The advice given in the fight against obesity is usually focused on consuming fewer calories and exercising more. Also, eating foods such as vegetables, fruits, nuts, fiber and fish and reducing snacks are also often recommended.
How to set a fasting schedule
If your fasting strategy for your diet has made you feel weak and unsuccessful, you need to reevaluate and start trying to apply this intermittent fast as a substitute. Recommended intermittent fasting times are as follows:
- 7 am – 11 am = fasting
- 11 am – 12 pm = light exercise
- 12 pm – 6 pm = meal
- 6 pm – 11 pm = fasting
- 11 pm and up = recommended for rest or sleep
For beginners, intermittent fasting may be a bit of a burden. For that reason, some experts suggest that beginners start by just fasting a few days a week. Other experts recommend that every day the long time of fasting is always added, e.g., from 12 hours, 14 hours next day, then up to 18 hours.
Fasting will help your body to burn excess carbohydrates and fats. This fasting can be done gradually. Once your body can adapt to change your eating hours, it will be easier for you to fast for 18 hours with the condition still feel full.

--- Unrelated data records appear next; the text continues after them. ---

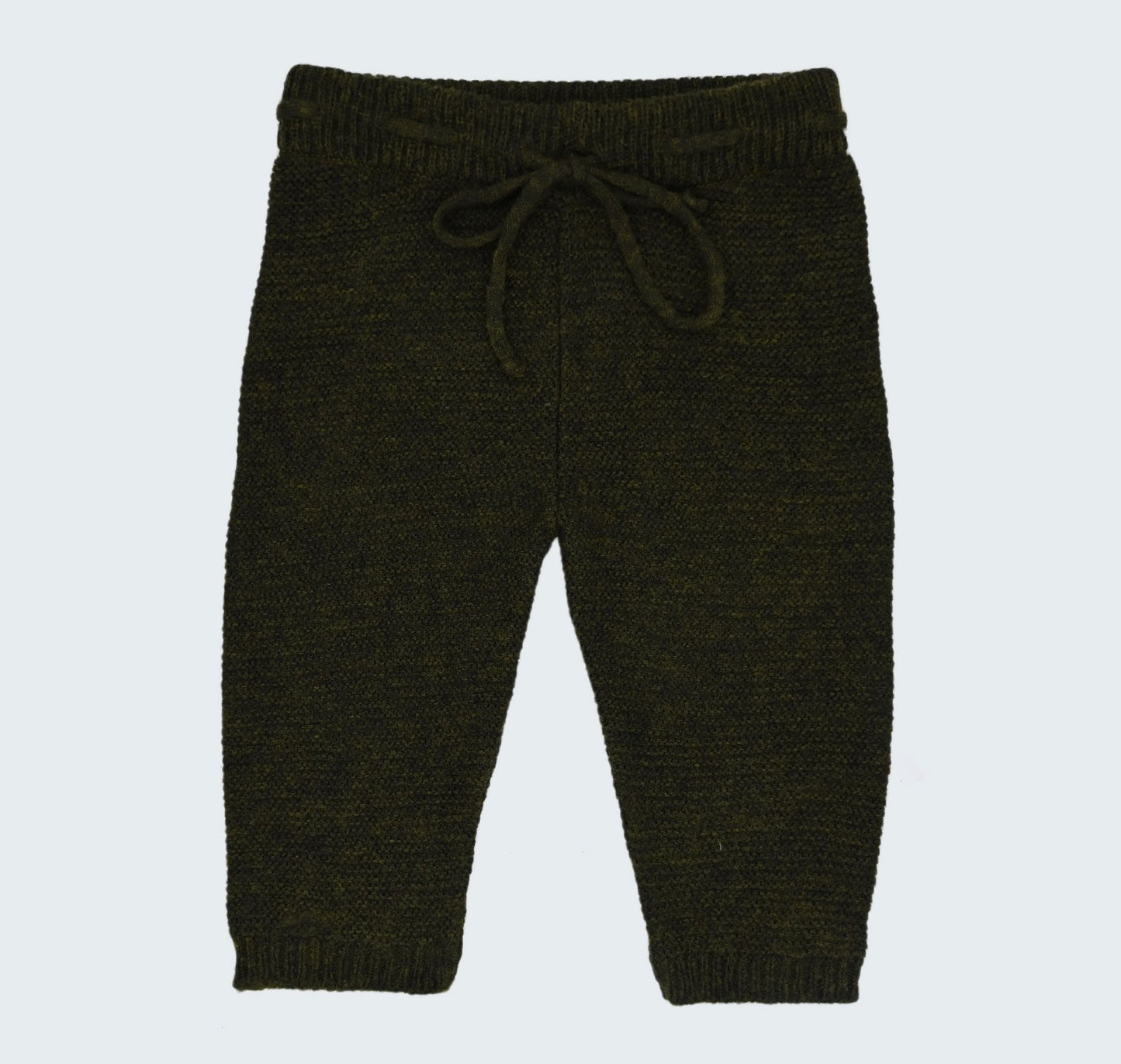 Pantalon tricot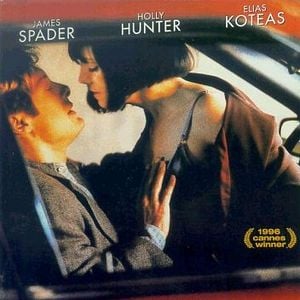 Foto Crash - Estranhos Prazeres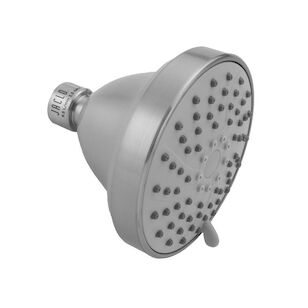 SHOWERALL® 4 Function Showerhead with JX7® Technology with Pause Control- 2.0 GPM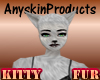 ASP)  Kitty Furry fur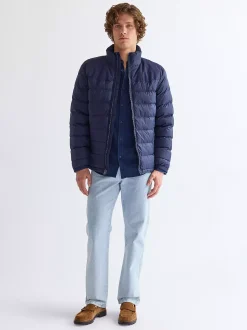 Regular Packable Puffer Jacket
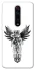 Чохол на Xiaomi Redmi K20 / K20 Pro / Mi9T / Mi9T Pro Tattoo ver.12 фото 1 з 1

During intermittent fasting, you need to reduce or stay away from foods high in carbohydrates such as fast food, bread, potatoes, canned food or drinks. Fill your diet with vegetables, healthy proteins, and healthy fats such as butter, eggs, avocados, coconut oil, olive oil, and nuts.

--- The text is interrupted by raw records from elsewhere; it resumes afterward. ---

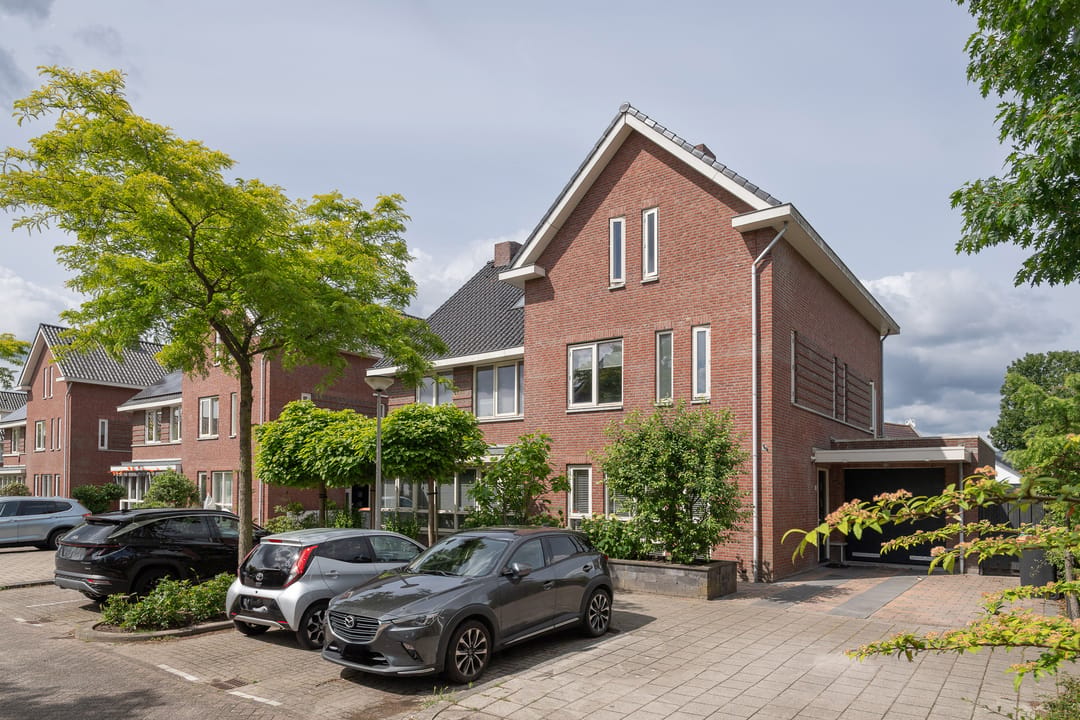 Foto 1 van Waterland 28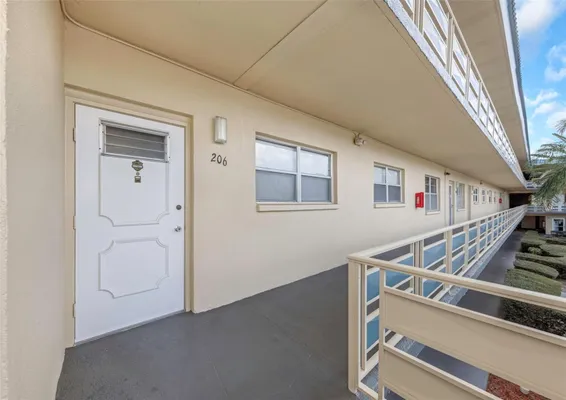 Property Slideshow image 3 of 39 | 5750 80th st b-206, St Petersburg, FL, 33709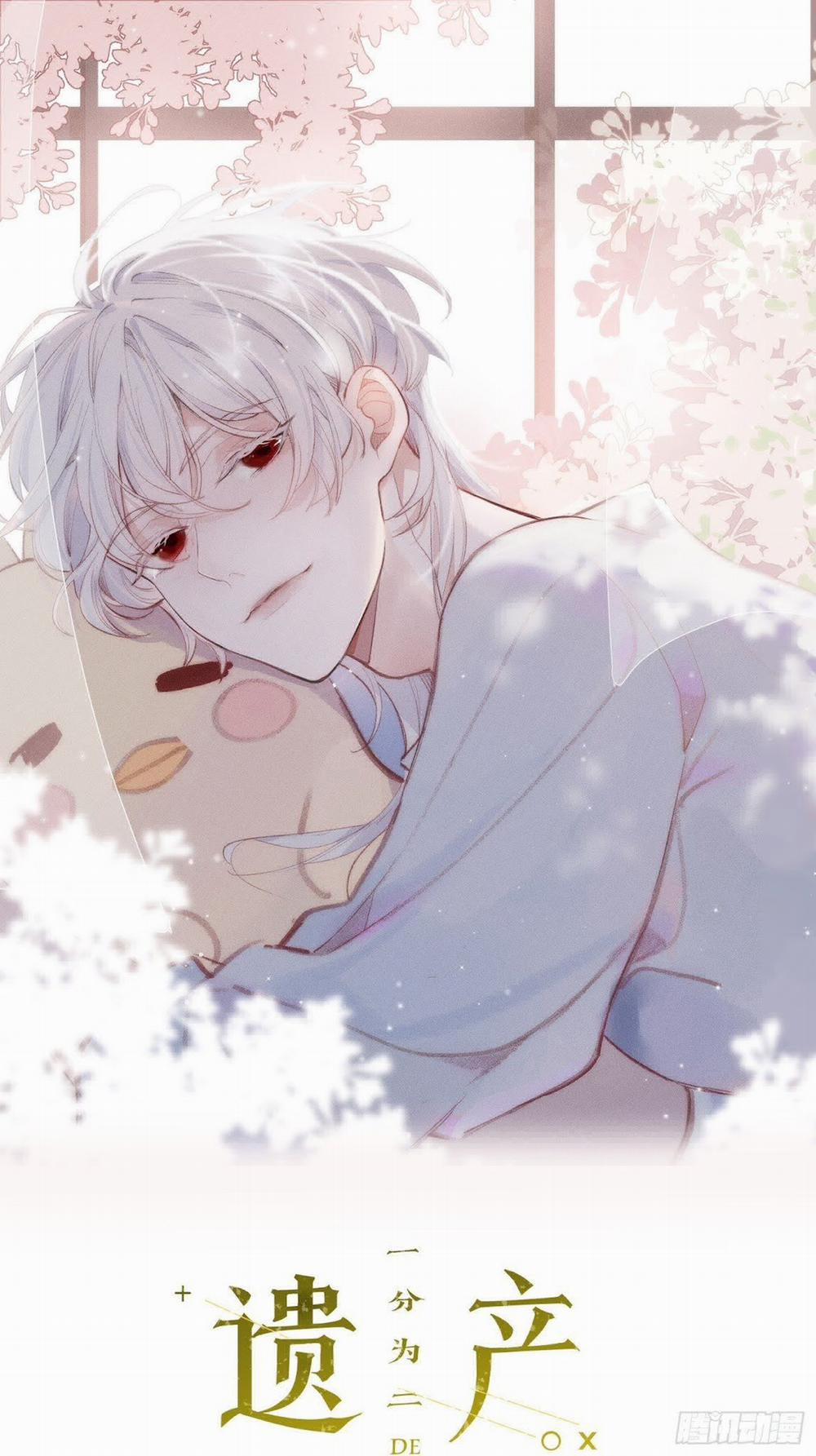 Báu Vật Chia Đôi 10 trang 1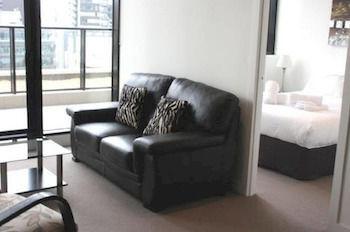 Apartment Southbank - Wrap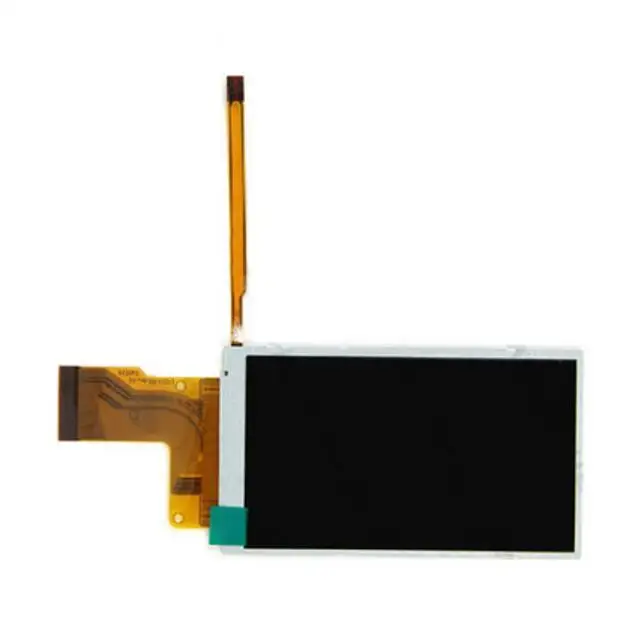 Новая запчасть для ЖК-экрана цифровой камеры OLYMPUS E-PL3 E-PM1 EPL3 EPM1 с подсветкой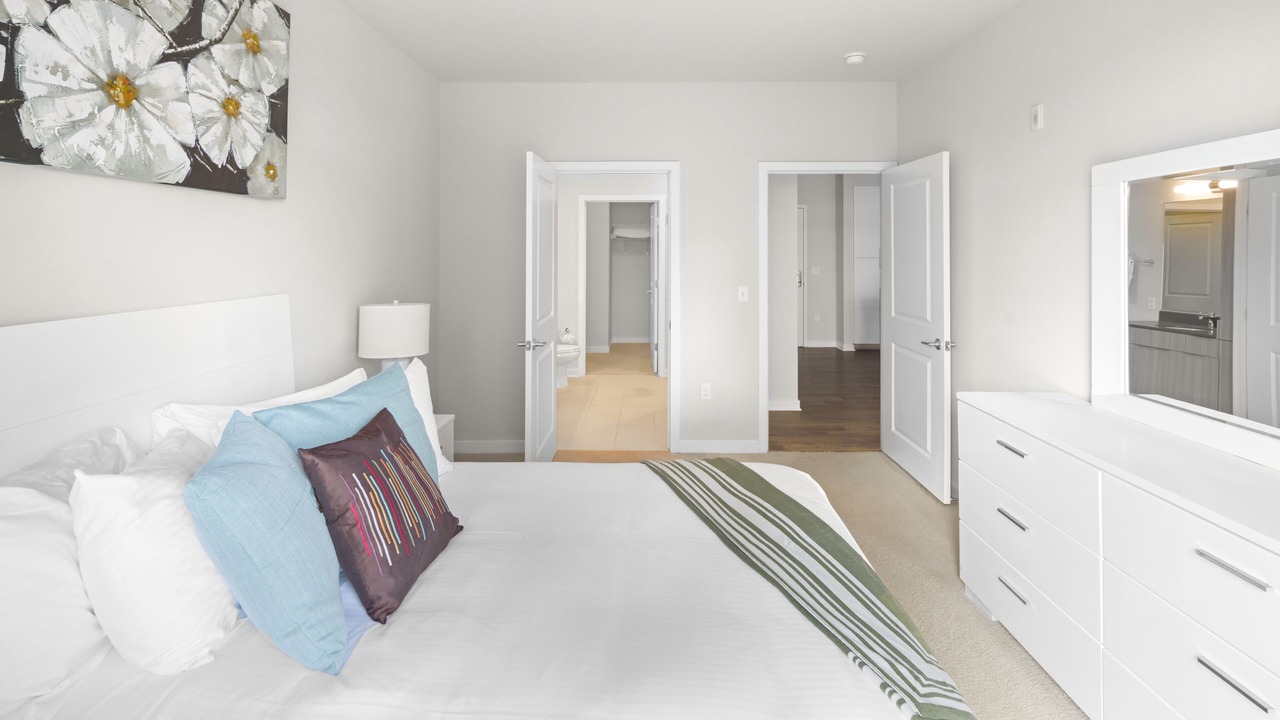 Photo of Bedroom in Reston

Many people talk about fasting and all aspects of this activity, including its effects on our systems and organs, which for most of the year, for almost 24 hours, continue to process the foods and drinks we consume, producing very nutrients and vitamins needed by our body. When you are fasting, then all the organs, especially the digestive organs will be rested.
Scientific research shows that by extending the time between food intake, the body processes calories more efficiently this is because the body has a longer time to digest food. In essence, if we do not eat anything more than 8 hours, the supply of glycogen runs out, then the body will use the fat in the body for healthy activities. The long digestive process of food can lose weight efficiently without endangering health.
In addition to losing weight, other fasting benefits found through research is the increased ability of the body to counteract the effects of stress that injure cells. Periodic fasting is a fantastic way that can help you lose weight while also helping us cut the risk of chronic degenerative diseases such as diabetes and heart disease. This method is not a new thing, from ancient times, our ancestors also often do intermittent fasting, because the food is not always available at any time so quickly as in this era.